Even though it would be great if we could all go to the best schools or be good at every subject, or have our favorite topic offered as a required class for graduation, it’s important to remember that we are in charge of our own educations. Someone else might hire the teachers or choose the subjects, but we decide how much we’re going to get out of a time in our lives set aside for learning.
Here are five tips for making sure school isn’t boring:
- Make a boring class interesting by asking your teacher for his opinion on the subject he’s discussing. This makes him stop the lecture he’s given a hundred times and show you how he really feels about the subject, and may start a class discussion. Ask respectful, important questions that are on topic.

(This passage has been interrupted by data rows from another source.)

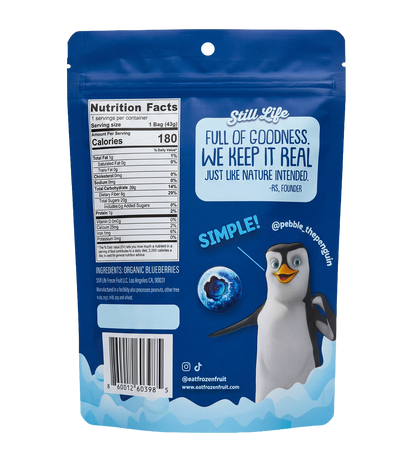 Freeze Dried Organic Blueberries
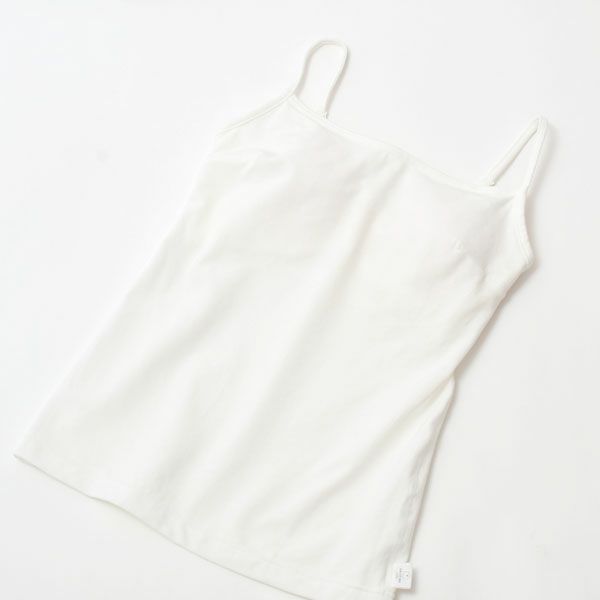 オーガニックコットン ベア天竺 カップ付キャミソール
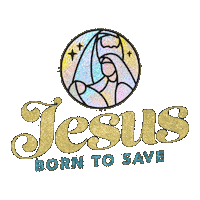 Christmas Jesus Sticker by New Creation Church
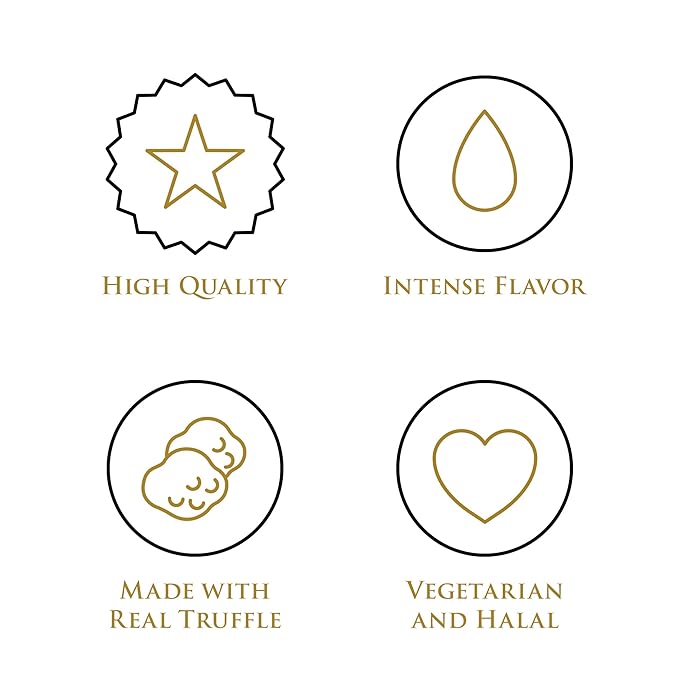 TruffleHunter - Truffle Set - Truffle Seasoning &amp Black Truffle Oil Gourmet Food Condiments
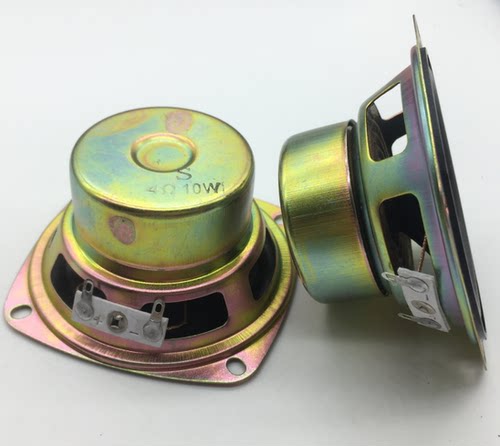 78mm 扬声器8欧 10W全音泡沫3寸全频喇叭 黑帽银帽(O3B2)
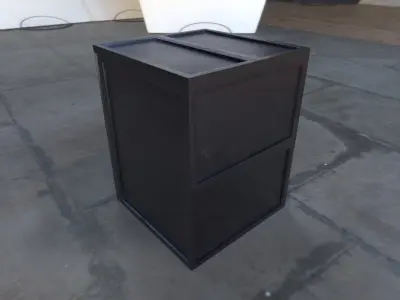 Antique Iron Safe 3D model buy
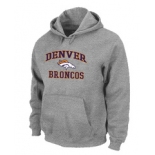 Denver Broncos Heart & Soul Pullover Hoodie Grey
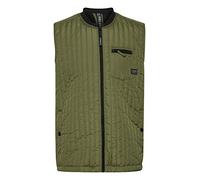 11 Project PRArne Herren Weste Steppweste Outdoor Weste leicht gefüttert mit Ripp-Kragen Regular Fit, Größe:XXL, Farbe:Loden Green (180422)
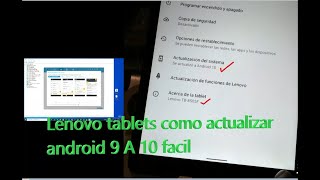 Lenovo tablets como actualizar android 9 A 10 facil [upl. by Eelrahc]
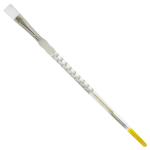 Royal Langnickel Soft-Grip White Taklon Brush - Long Handle, Flat #8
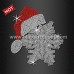 Rhinestone Transfers Santa Hat Designs for T-shirt Holiday Gift Idea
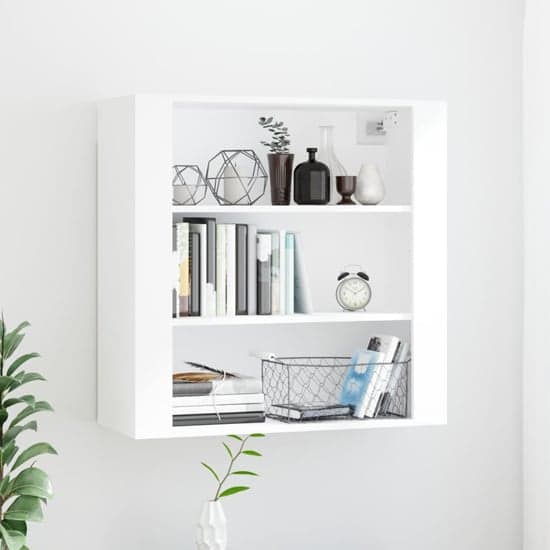 Silvis High Gloss Wall Shelving Unit In White_1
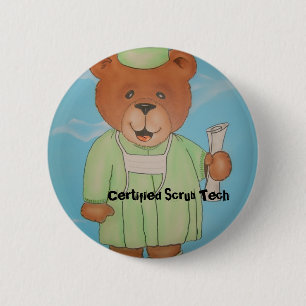 Chirurgische technische geschenken ronde button 5,7 cm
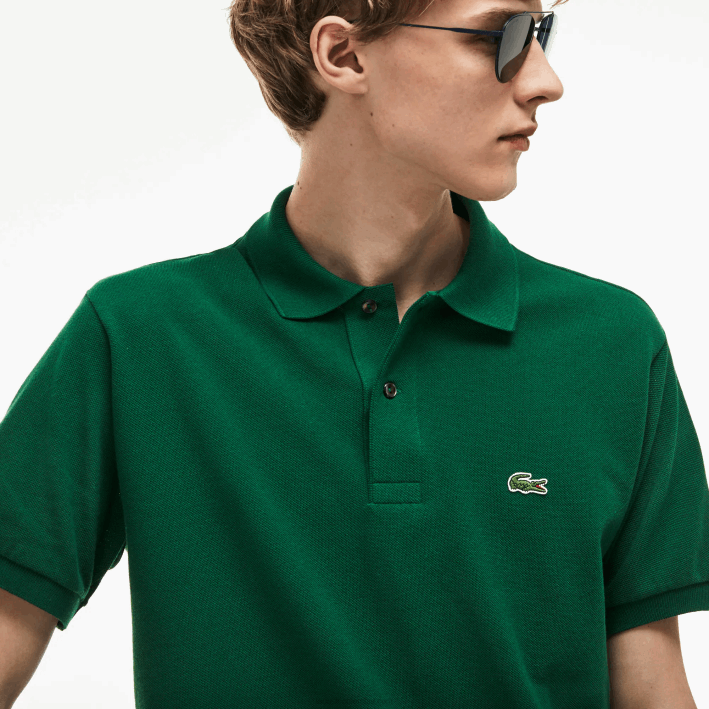 hombres Lacoste 6F24601 verde 132 polo original l.12.12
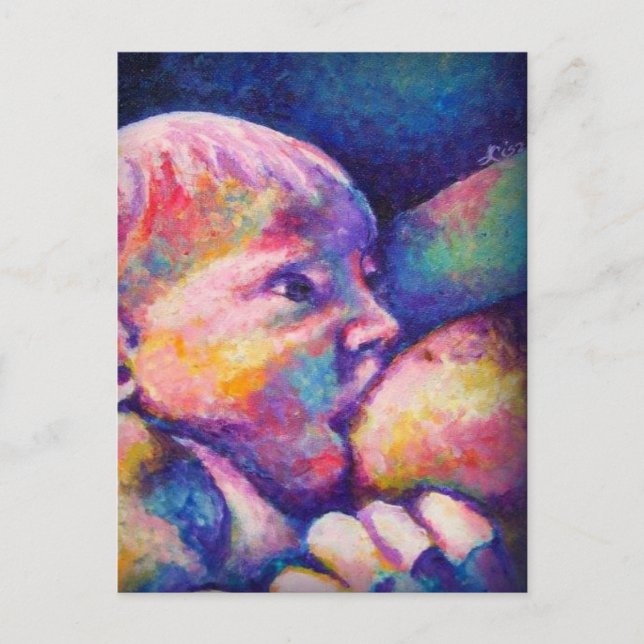 Nursing Baby  Postcard (Front)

- Learn more than is taught. In survey classes, you tend to spend a week on a topic, barely skimming the surface. The really interesting parts of any subject are buried deep in the advanced material. Find books and websites on the topic and read until you find a part that interests you. Learning those things makes the basics more interesting.
- If you want to learn something that isn’t being taught at school, teach yourself. Find a mentor to teach you, read books, visit websites, and watch educational programs. Become an expert at something no one else knows anything about. Having one subject you’re excited about makes it easier to cope with the other subjects.
- Teach what you’re learning to someone else. The person who learns the most is always the teacher. You’ll learn to choose what is interesting, but also learn the material better. You can tutor or you can teach a younger sibling or friend.
- Connect a boring subject to something you enjoy. If you hate math but want to own a business, figure out how to use your math in your business and imagine yourself using it that way. If you love horses, but hate history, learn what role horses played in history. You can connect almost any two subjects.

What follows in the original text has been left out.